Things wear out. Things need to be replaced. Furnaces, shingles, windows, taps…and on and on and on. A realtor should be able to look at many of the components of a home and give a home buyer a general idea of the life expectancy of those items. The key to a successful home purchase is making the most informed decision as possible.
8) Does your realtor have an idea of the costs to repair/replace items in a home?
No home is perfect. As much as you may go look at a home and fall in love…trust me, it does have problems. A home with a brand new “to die for” kitchen may have shingles that need to be replaced in the next two years. Does that mean you shouldn’t buy it? Not at all. Knowing that the cost to replace those shingles will be approximately $4000 can help you determine whether that home is still in your budget or how much you should be offering.
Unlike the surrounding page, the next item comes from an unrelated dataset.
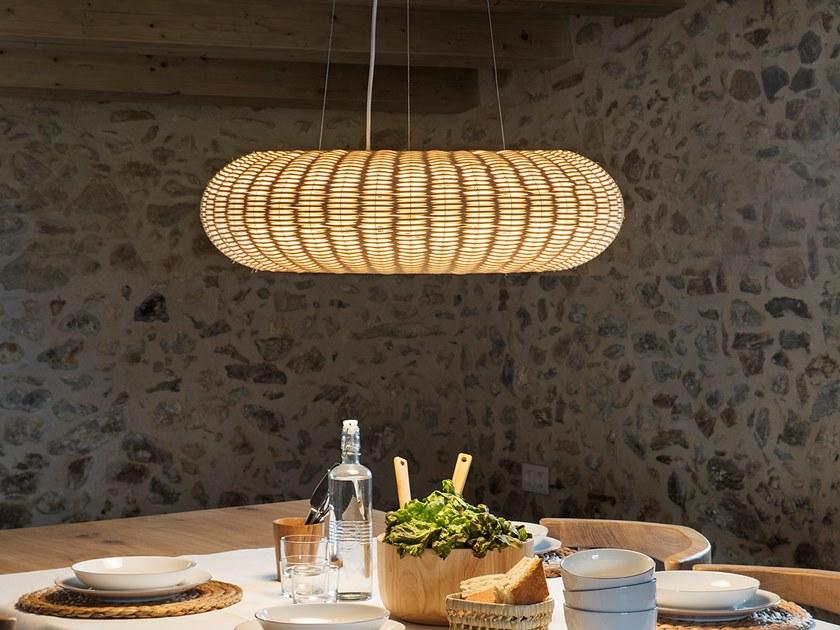 luxcambra Плетеный светодиодный подвесной светильник Niuet sun-id-1419107 - Вид №3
Your realtor should also be able to give you a ballpark of how much it will cost for replacements and labour. A kitchen may cost $10,000 to replace the cabinets; however, you also need to know that it may cost you another $5,000 for the installation, if you are not inclined to do it yourself.
9) Will you be hiring a specific agent or their assistant/buyer’s agent?
Many realtors have assistants and buyer’s agents. It’s a very common business model used in the world of real estate. However, you need to know who will be helping you find a home – you don’t want to be stuck with a realtor’s assistant when you want the actual realtor. Make sure you ask in advance who you will be working with. If it turns out that you won’t be using the “main agent” you thought you would be using, then you should proceed with interviewing their assistant/buyer’s agent.
10) Does your agent keep on top of current economic trends as they pertain to real estate?
I cannot emphasize this enough. Buying a home is a huge decision. It can impact your family’s economic well-being for years to come. You need to know not only the value of the home you are about to buy, but also what kind of economic climate you are investing in today and tomorrow. If you are considering getting into a bidding war and paying thousands of dollars over list price, your realtor should be able to justify the dollars you are offering based on future economic forecasts. Understanding the economy is a critical part of a realtor’s job.
Helping you be informed and objective
You don’t need a realtor to advise you on how nice a room is painted or how great the stainless steel hardware is on the kitchen cabinets. You can determine that for yourself. You need your realtor to help you make an informed, objective home buying decision.